In your copy, leave out the pictures; write out all the data exactly.

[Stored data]

◇ ◇ ◇ ◇

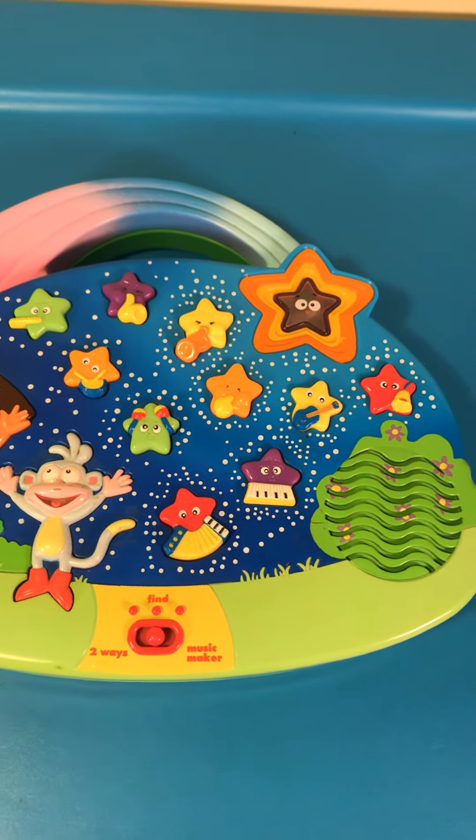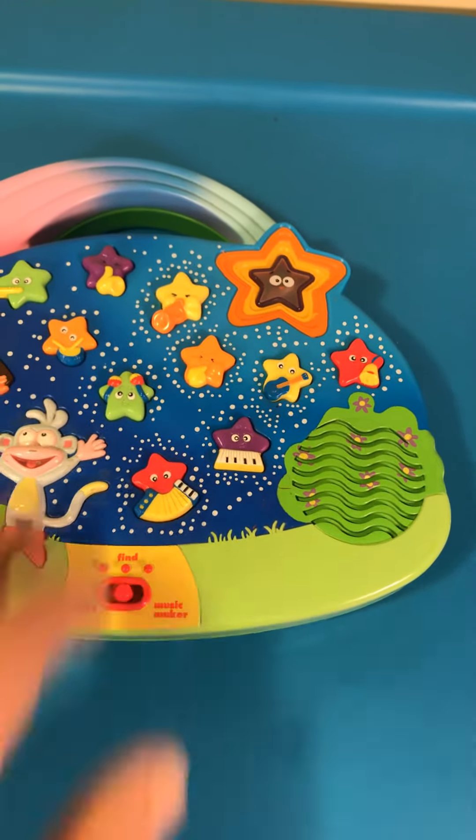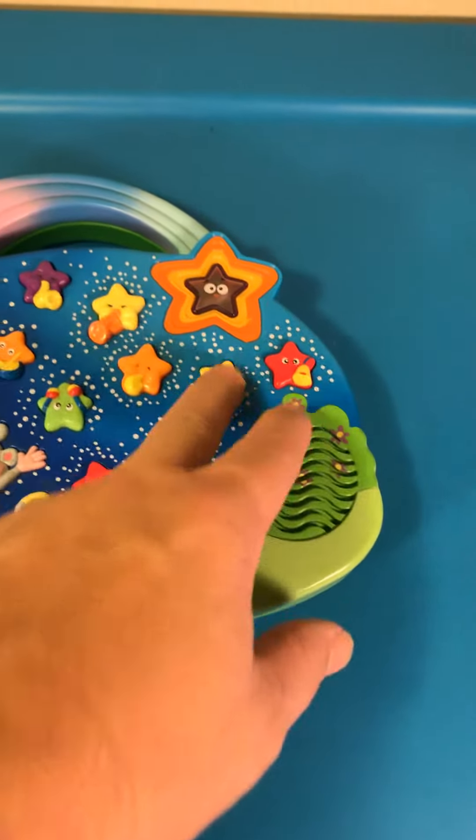Find the star with el tambor. Try again! Find the star with el tambor. Try again!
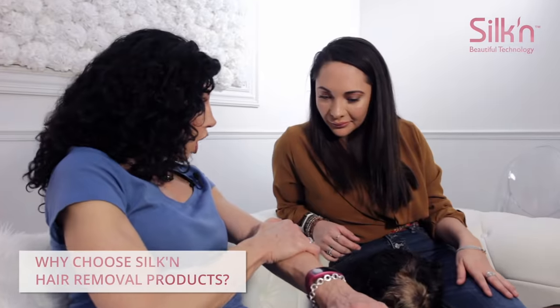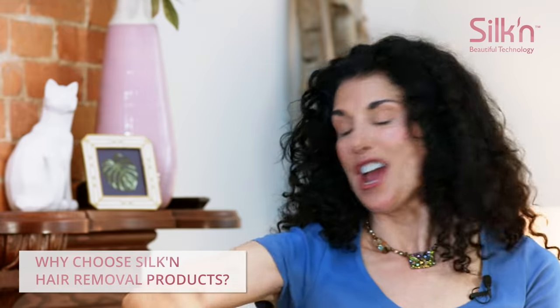Look — you have no hair. Hairless right here. It doesn't grow back thicker. It grows back lighter if anything, and then eventually as you keep using it, it just disappears.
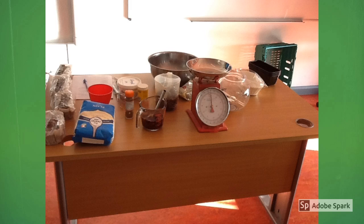We also used a bowl, weighing scales, a plastic jug, metal tins and a wooden spoon.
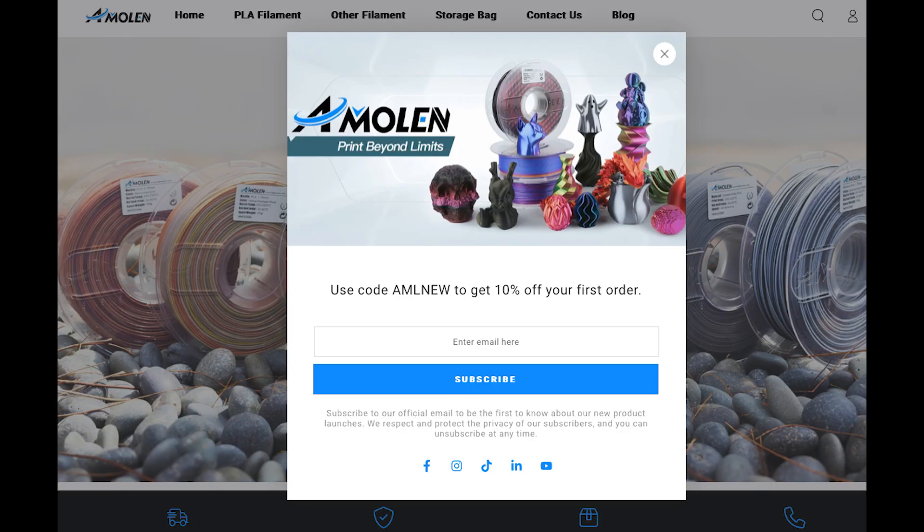For those of you who have never visited our website before, sign up now for 10% off your first order at analem.com. Thanks for watching — stay tuned for more.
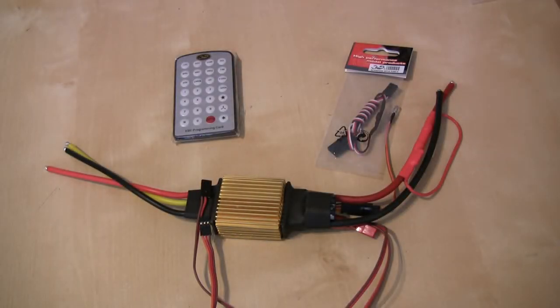Hi, this is Ashley Davis from HeliTuning.com. Just recently I did a video on Scorpion's 130-amp and 90-amp speed controllers, the HV series, that I've been using in my models over the recent flying season — last year in fact — and had a lot of success with them.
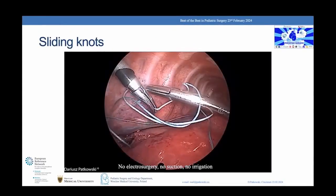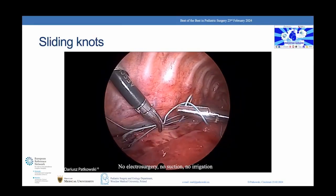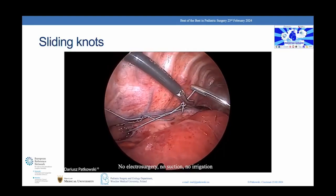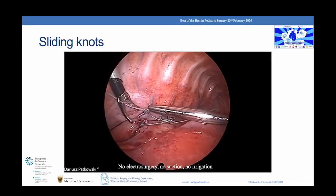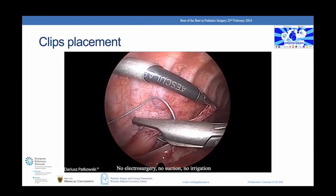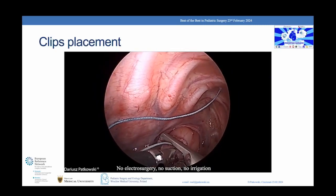The technique of tying a sliding knot in a small space requires a lot of skill and experience. It is one of the bases for success. Two sliding knots are made on both arms of the suture. The clips are placed to cover the entire thickness of the tissue and part of the suture. This method prevents leaks and allows for greater force to be used for traction.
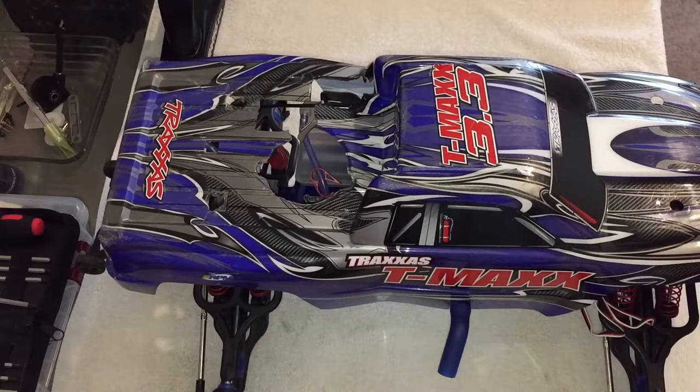Hey, welcome back. I wanted to give you guys a fairly quick video update of my T-MAX 3.3. It's been a minute since you guys have seen it — it's been down and out for a while. If you've been keeping up with my T-MAX posts, you'd know that about a month and a half to two months ago, we blew the engine on it. We were just out running it and it just shut off on us — no real reason, just driving it.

◇ ◇ ◇ ◇

== COMPLETED TASK ==
Find the star with el tambor. Try again! Find the star with el tambor. Try again!
Look — you have no hair. Hairless right here. It doesn't grow back thicker. It grows back lighter if anything, and then eventually as you keep using it, it just disappears.
We also used a bowl, weighing scales, a plastic jug, metal tins and a wooden spoon.
For those of you who have never visited our website before, sign up now for 10% off your first order at analem.com. Thanks for watching — stay tuned for more.
Hi, this is Ashley Davis from HeliTuning.com. Just recently I did a video on Scorpion's 130-amp and 90-amp speed controllers, the HV series, that I've been using in my models over the recent flying season — last year in fact — and had a lot of success with them.
The technique of tying a sliding knot in a small space requires a lot of skill and experience. It is one of the bases for success. Two sliding knots are made on both arms of the suture. The clips are placed to cover the entire thickness of the tissue and part of the suture. This method prevents leaks and allows for greater force to be used for traction.
Hey, welcome back. I wanted to give you guys a fairly quick video update of my T-MAX 3.3. It's been a minute since you guys have seen it — it's been down and out for a while. If you've been keeping up with my T-MAX posts, you'd know that about a month and a half to two months ago, we blew the engine on it. We were just out running it and it just shut off on us — no real reason, just driving it.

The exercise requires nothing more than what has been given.